§ BRIEF
Each entry that follows is to be retyped exactly. Pictures do not belong in the copy.

========

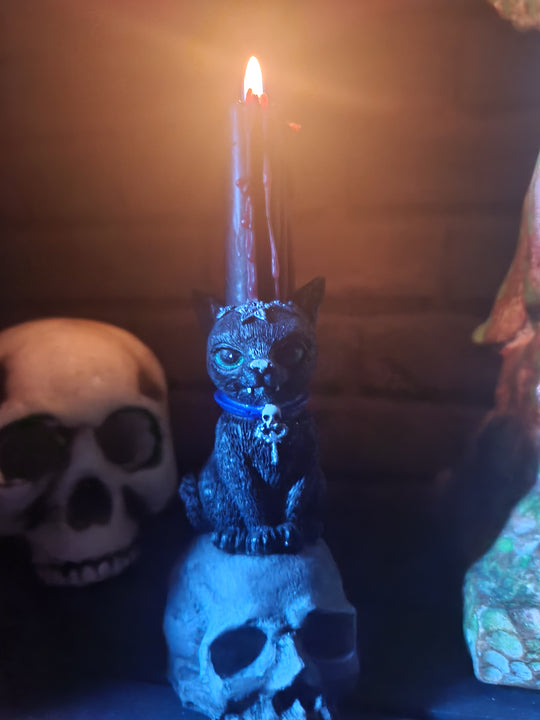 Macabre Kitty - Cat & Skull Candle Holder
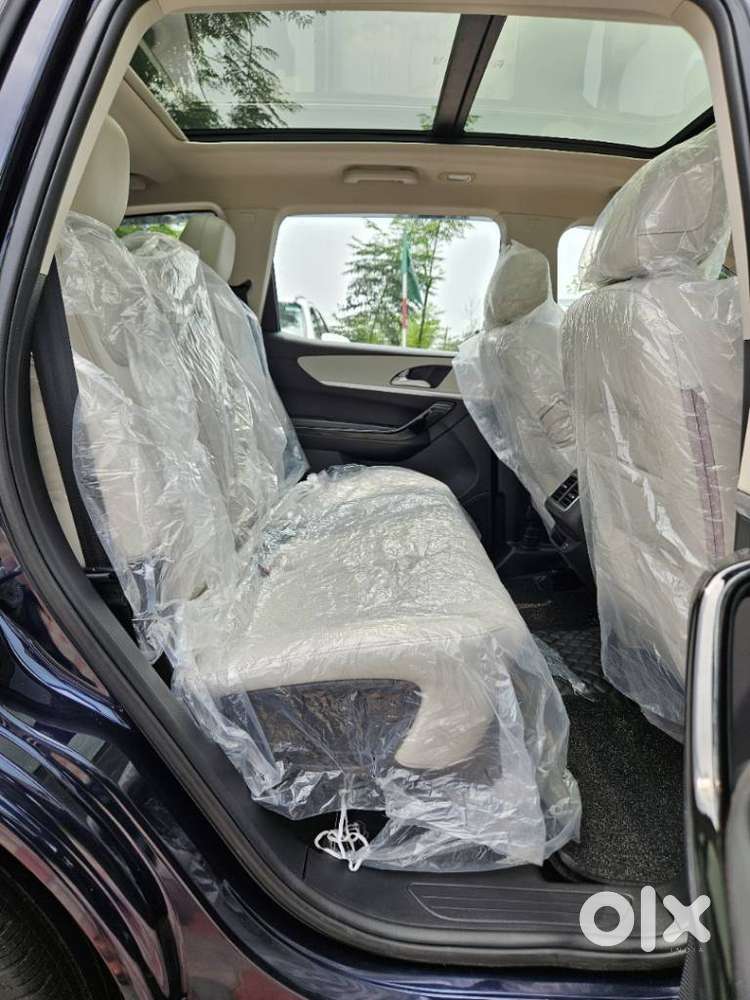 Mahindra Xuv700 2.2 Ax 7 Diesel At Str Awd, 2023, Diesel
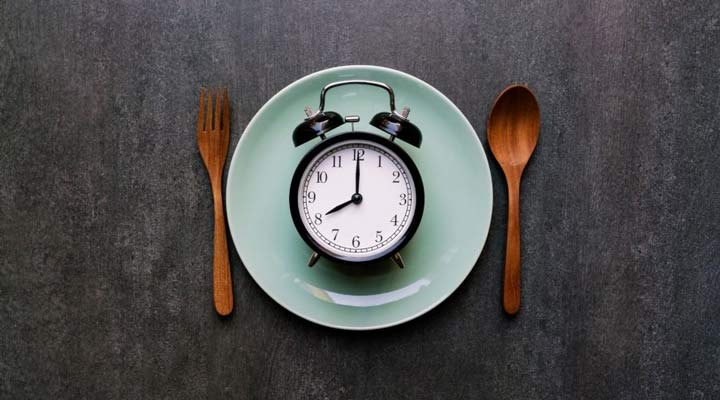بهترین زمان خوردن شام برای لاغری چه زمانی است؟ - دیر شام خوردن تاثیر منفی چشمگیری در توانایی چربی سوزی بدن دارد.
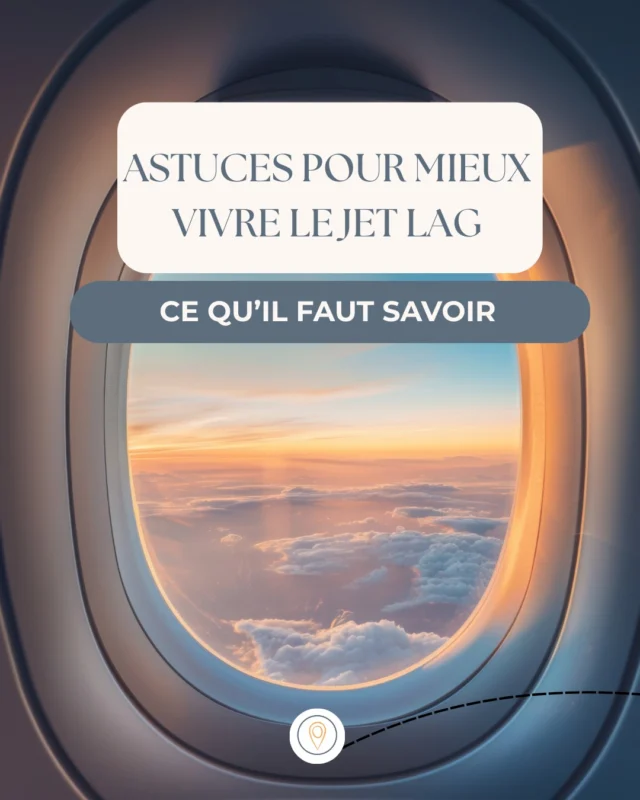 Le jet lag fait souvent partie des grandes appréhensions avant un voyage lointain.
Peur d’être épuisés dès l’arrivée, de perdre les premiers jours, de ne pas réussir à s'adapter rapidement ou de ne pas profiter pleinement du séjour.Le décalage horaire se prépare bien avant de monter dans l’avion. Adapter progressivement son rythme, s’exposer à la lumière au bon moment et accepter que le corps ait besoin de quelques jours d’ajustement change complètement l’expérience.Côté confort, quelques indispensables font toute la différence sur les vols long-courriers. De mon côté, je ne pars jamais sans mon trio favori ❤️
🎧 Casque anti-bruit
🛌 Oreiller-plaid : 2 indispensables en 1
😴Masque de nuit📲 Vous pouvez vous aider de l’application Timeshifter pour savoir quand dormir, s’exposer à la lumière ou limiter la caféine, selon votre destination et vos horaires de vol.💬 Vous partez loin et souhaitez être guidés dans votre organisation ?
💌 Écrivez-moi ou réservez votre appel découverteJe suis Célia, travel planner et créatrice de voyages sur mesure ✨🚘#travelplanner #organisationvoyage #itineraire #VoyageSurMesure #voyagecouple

========

§ TASK SOLUTION
 Macabre Kitty - Cat & Skull Candle Holder
 Mahindra Xuv700 2.2 Ax 7 Diesel At Str Awd, 2023, Diesel
بهترین زمان خوردن شام برای لاغری چه زمانی است؟ - دیر شام خوردن تاثیر منفی چشمگیری در توانایی چربی سوزی بدن دارد.
 Le jet lag fait souvent partie des grandes appréhensions avant un voyage lointain.
Peur d’être épuisés dès l’arrivée, de perdre les premiers jours, de ne pas réussir à s'adapter rapidement ou de ne pas profiter pleinement du séjour.Le décalage horaire se prépare bien avant de monter dans l’avion. Adapter progressivement son rythme, s’exposer à la lumière au bon moment et accepter que le corps ait besoin de quelques jours d’ajustement change complètement l’expérience.Côté confort, quelques indispensables font toute la différence sur les vols long-courriers. De mon côté, je ne pars jamais sans mon trio favori ❤️
🎧 Casque anti-bruit
🛌 Oreiller-plaid : 2 indispensables en 1
😴Masque de nuit📲 Vous pouvez vous aider de l’application Timeshifter pour savoir quand dormir, s’exposer à la lumière ou limiter la caféine, selon votre destination et vos horaires de vol.💬 Vous partez loin et souhaitez être guidés dans votre organisation ?
💌 Écrivez-moi ou réservez votre appel découverteJe suis Célia, travel planner et créatrice de voyages sur mesure ✨🚘#travelplanner #organisationvoyage #itineraire #VoyageSurMesure #voyagecouple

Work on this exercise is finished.